En extremo convencional largometraje de reencuentros filiales tras la enfermedad/muerte de un ser querido común, el padre de tres hermanos franceses aplicados por este en el arte e industria de la vinicultura, El viñedo que nos une hace de su premisa diegética el retorno a casa a raíz de dicho acontecimiento de Jean, el hijo mayor, desperdigado por el mundo y lejos del hogar durante diez años, producto de reticencias con su progenitor que la película nunca tiene la cortesía de justificar.

Al menos yo no me creo esa catarsis del retornado Jean con el anciano en el hospital, moribundo ya. Demasiado poca “maldad” de la figura paterna para provocar tan incomprensible huída del retoño y semejante resquemor continuado en el tiempo. Tampoco resulta para nada convincente el mismo devaneo del mismo hombre a la hora de regresar junto a la esposa que conoció en sus viajes por el planeta y el hijo de ambos.
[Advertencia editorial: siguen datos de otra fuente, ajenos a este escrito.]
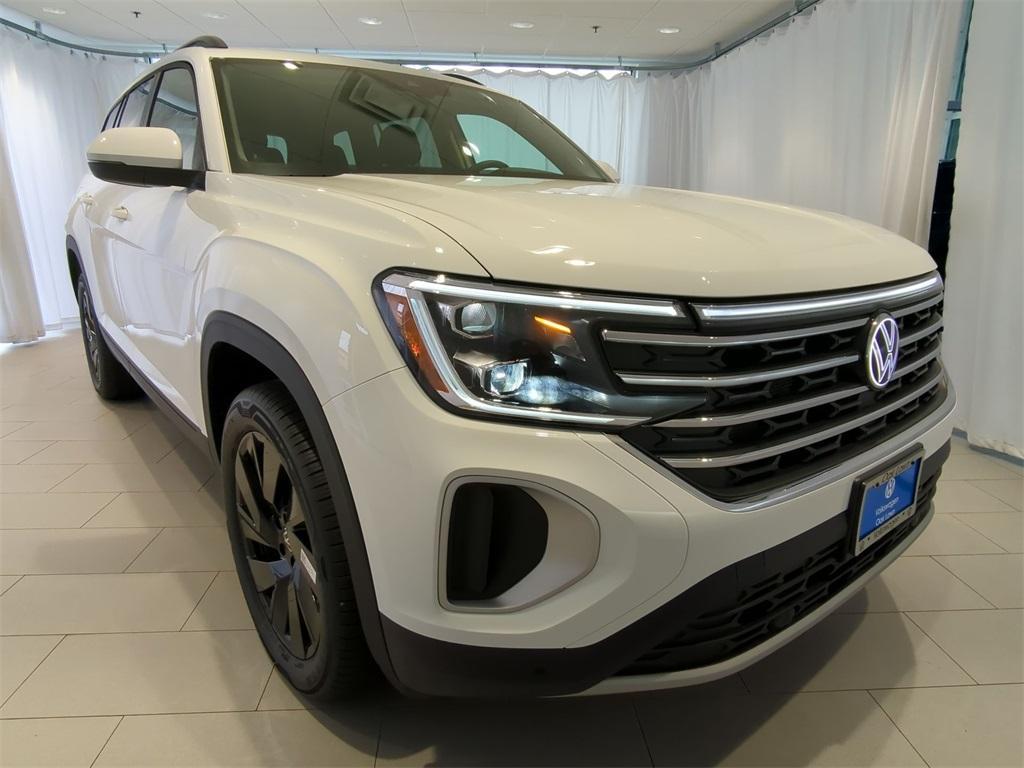new 2025 Volkswagen Atlas car, priced at $42,652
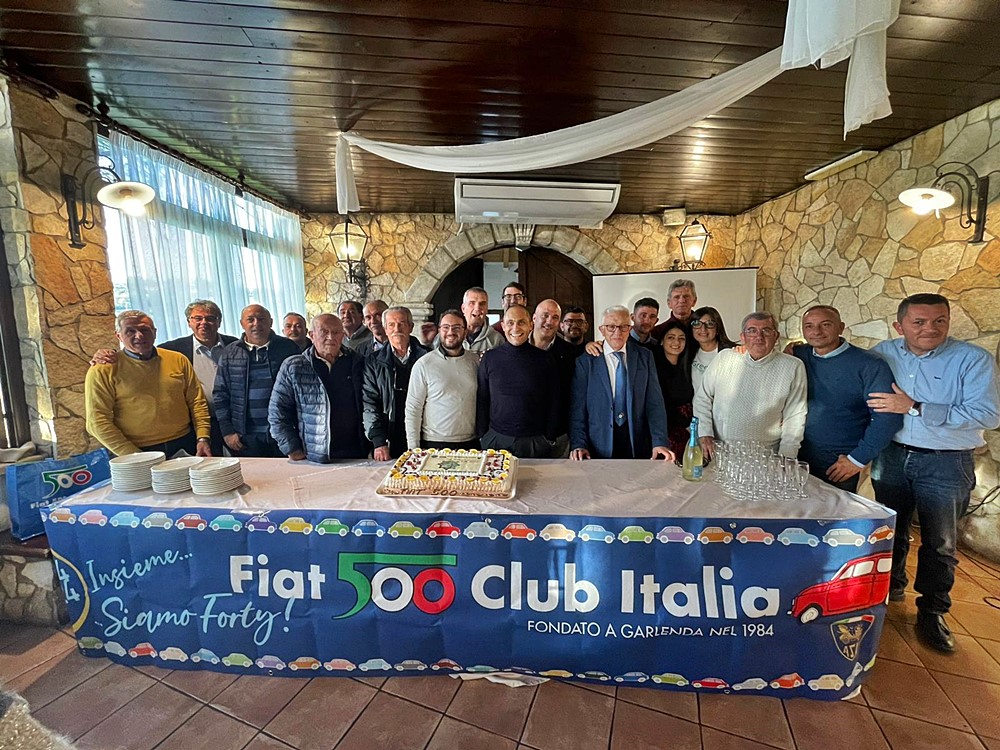 Riunione dei fiduciari siciliani del Fiat 500 Club Italia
Como no siento particular interés, ni en ningún caso empatía, por este hermano mayor, como tampoco por los otros dos pequeños (meras siluetas en el relato) y a falta de un buen documental sobre el tema, tomo el filme tan solo como un acercamiento semiantropológico al cultivo de la vid y los días de la vendimia, aprendo algunos términos de ese esperado momento de la cosecha de la uva y disfruto las bellas postales de Kaplisch en su viaje a la Borgoña. Nada más, porque aquí no hay más nada.